Kid Galahad (1937)
6/10
From Bellhop To A Title Shot
21 January 2007
The presence of a trio of some of the best Warner Brothers players from the studio era makes Kid Galahad worth watching. You cannot possibly go wrong in a film that has Edward G. Robinson, Bette Davis, and Humphrey Bogart.

After a fight where Robinson's fighter is knocked out by Bogart's pugilist, Robinson throws a party any way. Robinson's palooka lost because he didn't listen to instructions. Bogey and his fighter William Haade come in anyway. During the festivities, William Haade gets fresh with Robinson's girl, Bette Davis, and young bellhop Wayne Morris flattens him with one punch. Robinson thinks he's found a new heavyweight.

I doubt there have been too many people more innocent portrayed on the screen than Wayne Morris in this film. The gawky country kid who comes off like a young Jimmy Stewart with a little more meat on his bones manages to get both Davis and Robinson's kid sister Jane Bryan interested in him. That ticks off Robinson considerably and he starts looking at Morris in a new and bad light.

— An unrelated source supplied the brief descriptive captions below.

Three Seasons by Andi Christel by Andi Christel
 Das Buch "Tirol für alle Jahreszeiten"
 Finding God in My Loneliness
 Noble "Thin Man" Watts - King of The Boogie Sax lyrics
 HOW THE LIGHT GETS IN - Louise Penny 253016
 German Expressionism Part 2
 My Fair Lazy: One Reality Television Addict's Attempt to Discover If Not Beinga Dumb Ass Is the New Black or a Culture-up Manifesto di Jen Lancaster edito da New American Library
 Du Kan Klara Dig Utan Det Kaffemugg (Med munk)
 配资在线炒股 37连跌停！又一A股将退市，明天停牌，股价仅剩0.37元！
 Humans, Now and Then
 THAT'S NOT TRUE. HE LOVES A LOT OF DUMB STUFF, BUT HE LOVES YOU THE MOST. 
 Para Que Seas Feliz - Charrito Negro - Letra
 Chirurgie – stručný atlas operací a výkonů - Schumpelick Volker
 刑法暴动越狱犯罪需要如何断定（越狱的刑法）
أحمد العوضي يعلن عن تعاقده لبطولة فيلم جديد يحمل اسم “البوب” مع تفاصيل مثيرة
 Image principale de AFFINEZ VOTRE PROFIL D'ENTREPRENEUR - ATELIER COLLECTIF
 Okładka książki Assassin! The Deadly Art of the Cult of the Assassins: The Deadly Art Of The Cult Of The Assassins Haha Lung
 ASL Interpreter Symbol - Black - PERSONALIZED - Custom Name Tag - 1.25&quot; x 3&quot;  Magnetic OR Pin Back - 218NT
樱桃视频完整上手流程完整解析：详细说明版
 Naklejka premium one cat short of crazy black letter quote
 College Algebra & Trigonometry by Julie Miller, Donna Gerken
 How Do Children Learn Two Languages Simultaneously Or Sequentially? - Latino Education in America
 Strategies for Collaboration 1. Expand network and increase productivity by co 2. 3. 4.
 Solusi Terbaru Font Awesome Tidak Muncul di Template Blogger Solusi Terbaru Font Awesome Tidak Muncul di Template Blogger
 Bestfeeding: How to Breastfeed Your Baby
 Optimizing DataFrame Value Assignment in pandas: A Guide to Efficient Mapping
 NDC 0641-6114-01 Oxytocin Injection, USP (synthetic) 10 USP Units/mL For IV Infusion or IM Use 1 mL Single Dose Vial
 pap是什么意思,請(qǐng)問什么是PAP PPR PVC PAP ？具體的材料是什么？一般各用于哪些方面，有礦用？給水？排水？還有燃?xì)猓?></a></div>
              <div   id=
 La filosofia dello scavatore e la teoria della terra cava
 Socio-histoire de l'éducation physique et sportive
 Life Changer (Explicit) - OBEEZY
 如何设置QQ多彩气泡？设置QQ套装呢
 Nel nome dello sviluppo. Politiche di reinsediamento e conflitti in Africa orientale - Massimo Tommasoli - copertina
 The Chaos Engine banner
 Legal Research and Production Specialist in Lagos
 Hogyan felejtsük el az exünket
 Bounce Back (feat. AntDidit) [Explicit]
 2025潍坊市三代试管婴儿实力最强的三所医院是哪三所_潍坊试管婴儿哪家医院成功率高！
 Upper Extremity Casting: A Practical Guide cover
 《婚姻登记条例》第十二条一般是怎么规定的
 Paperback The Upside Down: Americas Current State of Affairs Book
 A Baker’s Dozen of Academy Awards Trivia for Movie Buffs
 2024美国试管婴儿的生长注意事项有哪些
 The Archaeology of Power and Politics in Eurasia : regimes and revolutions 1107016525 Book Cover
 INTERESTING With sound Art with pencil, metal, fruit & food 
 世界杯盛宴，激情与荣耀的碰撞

Of course the presence of those three Hollywood legends makes Kid Galahad watchable. Davis with little to work with turns in a good performance as the decent girl friend of Robinson who while she's been around the track a few times, has a good heart. Jane Bryan is appealing herself as the sister. She retired early from the screen when she married Justin Dart the founder of Rexall Drugs. Later on Dart became an early backer of another Warner Brother contract player named Ronald Reagan when he opted for politics. Bryan by then a fashionable society hostess was also a big backer of the Gipper.

Robinson is good, his fanatical interest in protecting his sister is not as bad as Paul Muni with Ann Dvorak in Scarface, but pretty close without crossing over into incest. Humphrey Bogart is also fine as the mobbed up manager, a type all to familiar in boxing.

Kid Galahad is dated, you couldn't have someone today as innocent as Wayne Morris is portrayed on the screen, the film would be laughed at. But those were more innocent times.